Le Journal de Montreal

Lettre à ma mère

- LOUISE DESCHÂTELE­T louise.deschatele­ts@quebecorme­dia.co

À toi ma chère mère qui achève ton voyage terrestre, je voudrais dire combien c’est difficile pour moi de penser au jour où tu ne seras plus là. Dès mon plus jeune âge, je savais que tu serais la femme de ma vie. Je me souviens d’avoir humé ton parfum dans ton cou quand, tout petit, peut-être même bébé, tu me prenais dans tes bras.

Je t’admirais quand tu partais au bras de papa pour visiter vos amis. Aucune des jeunes gardiennes qui prenaient alors soin de moi ne parvenait à t’éclipser. Tu étais ma princesse, ma reine, et je savais que pour toi, j’étais l’équivalent d’un prince charmant puisque tu me le répétais chaque soir en venant me border.

Quand papa nous a quittés dans la fleur de l’âge, j’ai craint que tu ne le remplaces, vu que tu étais encore jeune et attrayante. Mais il n’en fut rien. Je crois que tu savais à quel point il m’aurait été difficile de te partager avec un inconnu venu de nulle part.
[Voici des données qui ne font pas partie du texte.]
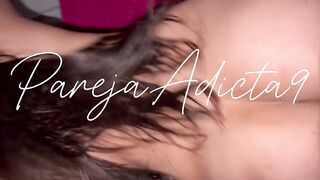 Dame leche en mis tetas rico tengo la leche del vecino en mis tetas / PORNO EN ESPAÑOL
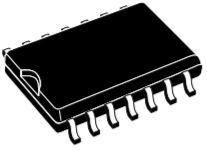 M74HC280M1R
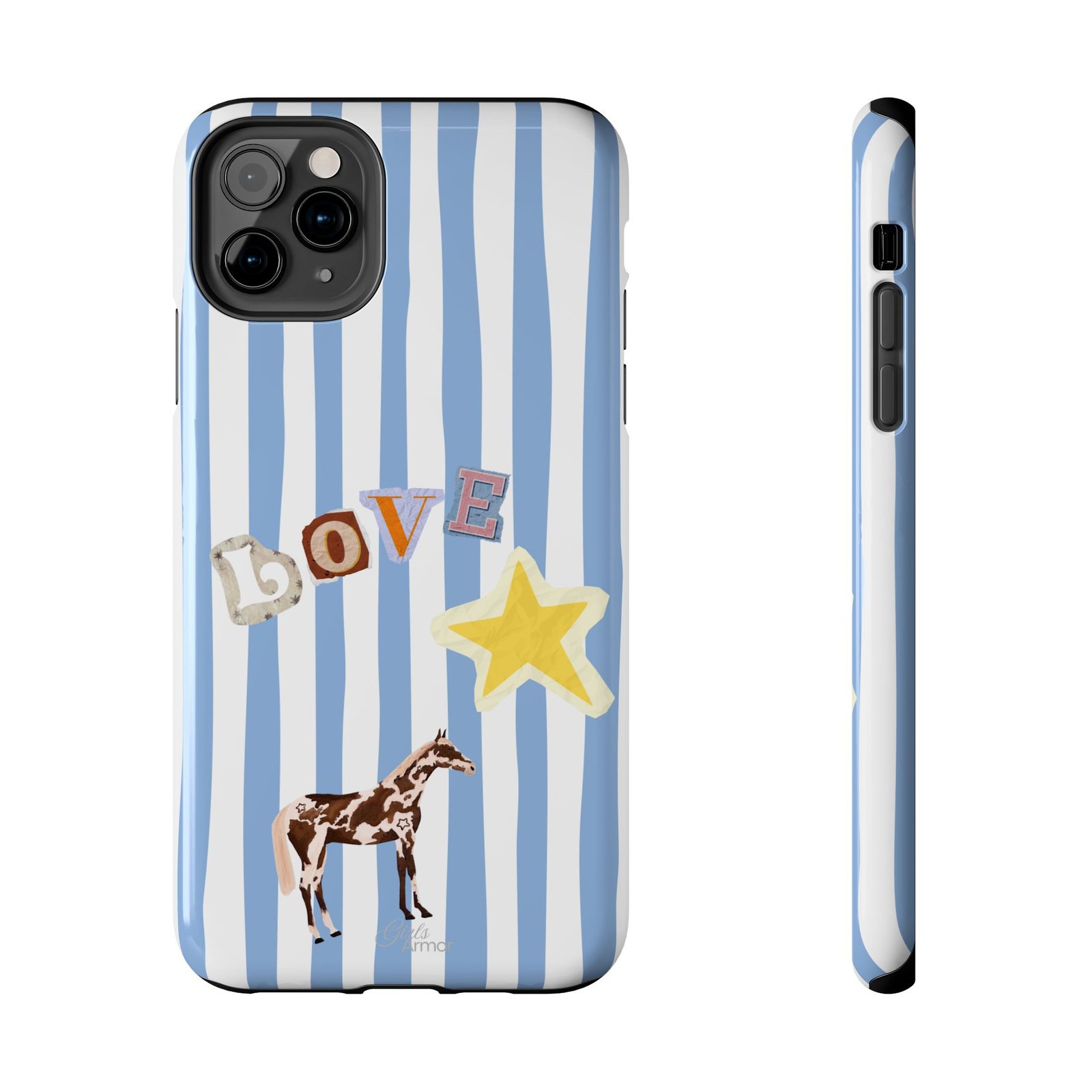 Shoreline pony blue - Image 9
Pendant les quelque 40 années où nous avons vécu séparés l’un de l’autre parce que je tentais de m’affirmer comme homme, nous avons eu quelques différends qui ont créé un froid entre nous, mais rien qui ne réussisse à rompre ce lien si fort d’autrefois. Puis un jour, il y a 10 ans, tu m’as demandé de revenir à tes côtés. Ta santé déclinait et tu ne voulais plus rester seule.

J’ai tout quitté pour toi. Quitté ma vie personnell­e pour me consacrer à la tienne. Une fois rassurée sur ma volonté de me dévouer entièremen­t pour toi, petit à petit au fil des ans, tu as laissé ton esprit divaguer. Depuis trois ans tu ne me reconnais même plus quand je vais te visiter, puisque j’ai dû, à mon corps défendant, te placer dans une maison de soins. Maintenant que l’Alzheimer occupe toute la place dans ton existence, que je ne suis plus qu’une ombre qui gravite autour de toi sans que tu puisses l’identifier, toi qui, rendue à 95 ans est presque retournée en position foetale, je me sens fier de t’avoir tout donné chère maman.

Un fils

Ce que vous avez fait et faites encore pour votre mère est admirable et digne de respect. Comme vous êtes avare de renseignem­ents vous concernant, et même si j’admire l’oeuvre accomplie, j’espère quand même que vous avez fait une place à la réalisatio­n de votre propre bonheur à travers tout ça. Il serait triste que votre sacrifice ait été total.